# Recommendations for a fitted (non-baggy) jacket???



## mtx (Nov 3, 2011)

I'm 6'0", 165lbs, skinny/athletic build. I'm looking for a more fitted jacket but do not mind something bigger as long as it doesn't make me look like the michelin man. Please note I'm on a budget...let's say ~$150 range.. but will consider ~$200-$250 if the jacket is noticeably better.

Thoughts on these ones? What jackets do you guys recommend??? What brands should I stay away from??

Analog Comply Jacket - Men's from Departmentofgoods.com

Analog Accord Jacket - Men's from Dogfunk.com


----------



## buttertime93 (Nov 3, 2011)

I have the volcom one4zero, not baggy and the white/black combo looks nice. I am 5' 7" 135 lbs, thought the length could be just a bit shorter though.


----------



## buttertime93 (Nov 3, 2011)

here is a link
Volcom One4zero Jacket - black - Snowboard Shop > Men's Snowboard Outerwear > Snowboard Jackets > Shell Snowboard Jackets


----------



## mtx (Nov 3, 2011)

buttertime93 said:


> I have the volcom one4zero, not baggy and the white/black combo looks nice. I am 5' 7" 135 lbs, thought the length could be just a bit shorter though.





buttertime93 said:


> here is a link
> Volcom One4zero Jacket - black - Snowboard Shop > Men's Snowboard Outerwear > Snowboard Jackets > Shell Snowboard Jackets


Is Volcom a more fitted brand? Any other fitted brands around?


----------



## buttertime93 (Nov 3, 2011)

hey guy, the analog comply is on sale!
WhiskeyMilitia.com: Analog Comply Jacket - Men's - $59.99 - 60% off
59.99!!!
only 8 minutes left, hurry and thank me later!


----------



## mtx (Nov 3, 2011)

I missed it


----------



## mtx (Nov 3, 2011)

Anyone know of any other brands that are more fitted?


----------



## ShredLife (Feb 6, 2010)

holden....


----------



## mtx (Nov 3, 2011)

ShredLife said:


> holden....


anything cheaper, or discounted?


----------



## buttertime93 (Nov 3, 2011)

products usually reoccur on whisky militia, check in every once in awhile for your analog jacket b/c it will probably show up again unless it was sold out. I'll let you know if I see it again.


----------



## CMSbored (Apr 2, 2009)

cheaper and discounted? nothing probably.

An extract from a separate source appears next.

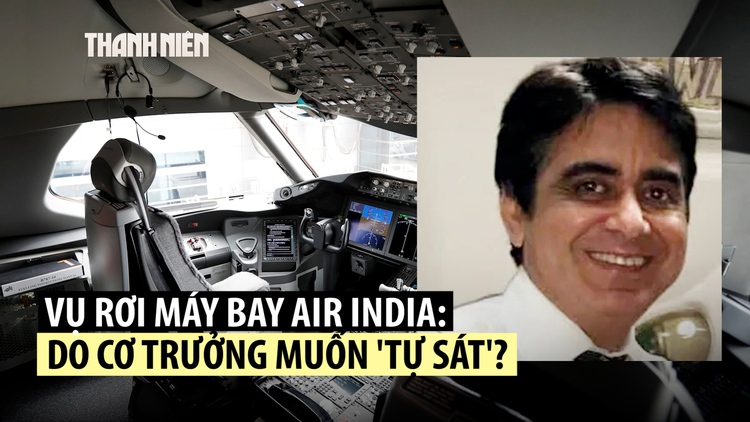 Cơ trưởng thành tâm điểm nghi ngờ trong vụ rơi máy bay Air India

Fitted jackets will most likely come from holden and your hiking brands (patagonia, mountain hardwear, the northface, arc'teryx)


----------



## East§ide (Mar 14, 2011)

i have the analog comply jacket.. super comfy, warm, and fits well..the medium is a little bit big on me, and im 5'8 165 lbs... it fits exactly how id want it to. super nice jacket though


----------



## mtx (Nov 3, 2011)

East§ide said:


> i have the analog comply jacket.. super comfy, warm, and fits well..the medium is a little bit big on me, and im 5'8 165 lbs... it fits exactly how id want it to. super nice jacket though


I'm around the same weight. I'm tall and slim. For $82 I might just buy it.


----------



## East§ide (Mar 14, 2011)

its really nice..you wont be disappointed


----------



## mtx (Nov 3, 2011)

East§ide said:


> its really nice..you wont be disappointed


How warm is it and did you have to layer much underneath? Do you know how many grams of polyester insulation they use??


----------



## que (Feb 27, 2011)

I have the exact same body type as you according to the description you gave. I hate when people come on to say "I just bought this blah blah blah" and brag. I'm going to do it anyway hahah. But really i just ordered this coat last night and i am pretty excited about it. Actually reading your initial post inspired me to go with a more fitted look this year so thanks! But i thought this coat was nice and understated (my style) but still keeping it gangsta yet classy. The price is kinda high for what you wanted, and what i wanted for that matter but i bit the bullet and got it. Cappel Thieves Jacket - Men's from Backcountry.com good luck


----------



## mtx (Nov 3, 2011)

que said:


> I have the exact same body type as you according to the description you gave. I hate when people come on to say "I just bought this blah blah blah" and brag. I'm going to do it anyway hahah. But really i just ordered this coat last night and i am pretty excited about it. Actually reading your initial post inspired me to go with a more fitted look this year so thanks! But i thought this coat was nice and understated (my style) but still keeping it gangsta yet classy. The price is kinda high for what you wanted, and what i wanted for that matter but i bit the bullet and got it. Cappel Thieves Jacket - Men's from Backcountry.com good luck


They look nice!!!


----------